Greetings from Los Angeles and welcome back to In the Room.
Prediction markets
are becoming a ubiquitous force in American elections, as evidenced by the hundreds of millions traded on Polymarket and Kalshi during the New York City mayoral race. As these platforms expand their trading options beyond the price of Costco hotdogs to politics, policy, business, culture, etcetera, it’s reasonable to assume that
many news media organizations will start orienting some of their coverage around those trades, much as ESPN and Fox Sports have increasingly integrated betting lines into their own broadcasts. Gamification drives engagement, especially when there’s money at stake.

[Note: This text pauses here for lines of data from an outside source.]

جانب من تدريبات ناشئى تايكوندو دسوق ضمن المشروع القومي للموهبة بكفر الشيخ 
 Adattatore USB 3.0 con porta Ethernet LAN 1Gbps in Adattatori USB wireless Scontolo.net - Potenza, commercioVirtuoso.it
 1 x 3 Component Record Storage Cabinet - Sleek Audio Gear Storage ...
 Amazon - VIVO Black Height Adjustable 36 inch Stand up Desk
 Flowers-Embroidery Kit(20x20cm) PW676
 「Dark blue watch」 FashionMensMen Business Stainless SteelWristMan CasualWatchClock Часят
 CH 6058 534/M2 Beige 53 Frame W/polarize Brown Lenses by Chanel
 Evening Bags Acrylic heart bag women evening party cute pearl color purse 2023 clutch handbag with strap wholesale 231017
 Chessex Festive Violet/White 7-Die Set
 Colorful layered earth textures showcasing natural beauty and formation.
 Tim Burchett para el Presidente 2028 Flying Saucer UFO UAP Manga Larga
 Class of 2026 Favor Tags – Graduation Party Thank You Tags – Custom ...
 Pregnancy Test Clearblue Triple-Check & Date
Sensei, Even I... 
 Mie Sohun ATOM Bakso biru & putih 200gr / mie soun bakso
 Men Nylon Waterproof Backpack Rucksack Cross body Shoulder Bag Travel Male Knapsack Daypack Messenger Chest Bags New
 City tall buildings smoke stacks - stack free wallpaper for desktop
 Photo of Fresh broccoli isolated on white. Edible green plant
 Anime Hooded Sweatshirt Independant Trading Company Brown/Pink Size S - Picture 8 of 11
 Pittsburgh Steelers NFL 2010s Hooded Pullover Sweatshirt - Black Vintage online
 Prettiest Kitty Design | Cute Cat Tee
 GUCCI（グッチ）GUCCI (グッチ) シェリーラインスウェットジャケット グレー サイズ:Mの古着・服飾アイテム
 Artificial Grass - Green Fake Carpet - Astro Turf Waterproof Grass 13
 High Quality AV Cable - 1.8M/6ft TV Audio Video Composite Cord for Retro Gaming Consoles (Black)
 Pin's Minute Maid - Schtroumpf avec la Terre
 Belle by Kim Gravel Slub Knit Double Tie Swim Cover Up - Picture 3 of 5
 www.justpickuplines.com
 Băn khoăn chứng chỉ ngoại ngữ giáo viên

Could the integration of prediction markets be similarly beneficial for political and general interest news outlets? It’s hard to fathom that Fox News or CNN or MS NOW wouldn’t at least consider integrating Polymarket
odds on, say, the likelihood of a U.S.-China trade deal, cabinet appointments, or the president’s approval rating. One even wonders if there are some potentially uncomfortable yet lucrative financial opportunities available to the first movers. Anyway, just a thought, which costs a nickel now that they’ve retired the penny. But more to come on this, I’m
sure.
In tonight’s issue, news and notes on Gerry Cardinale’s abrupt decision to abandon his bid for Telegraph Media Group—yet another plot twist in RedBird’s long and tortured attempt to acquire the Tory broadsheet. Is English nationalism really so strong, or did Gerry just not do his homework?
🍸 Plus, on the latest edition of The Grill Room, Julia and I assessed the week’s buzziest media flashpoints: Jim
Bankoff’s plan to spin off the Vox Media Podcast Network; Bob Iger’s flirtation with A.I.-fueled, user-generated content at Disney; the latest Trump-BBC drama; and the aforementioned impact that prediction markets might have on the news business. Follow The Grill Room on Apple,
Spotify, or wherever you prefer to listen.
Mentioned in this issue: David Ellison, Larry Ellison, Darrell Issa, Pam Bondi, David Zaslav, John Malone,
Bari Weiss, Hugh Johnston, Olivia Nuzzi, Jacob Bernstein, Kara Swisher, David Haskell, Gerry Cardinale, Matt Garrahan, Sheikh Mansour, Sir Paul Marshall, John Thornton, Chris Evans, Lord Rothermere, David Montgomery, Rupert
Murdoch, and many more…
Let’s get started…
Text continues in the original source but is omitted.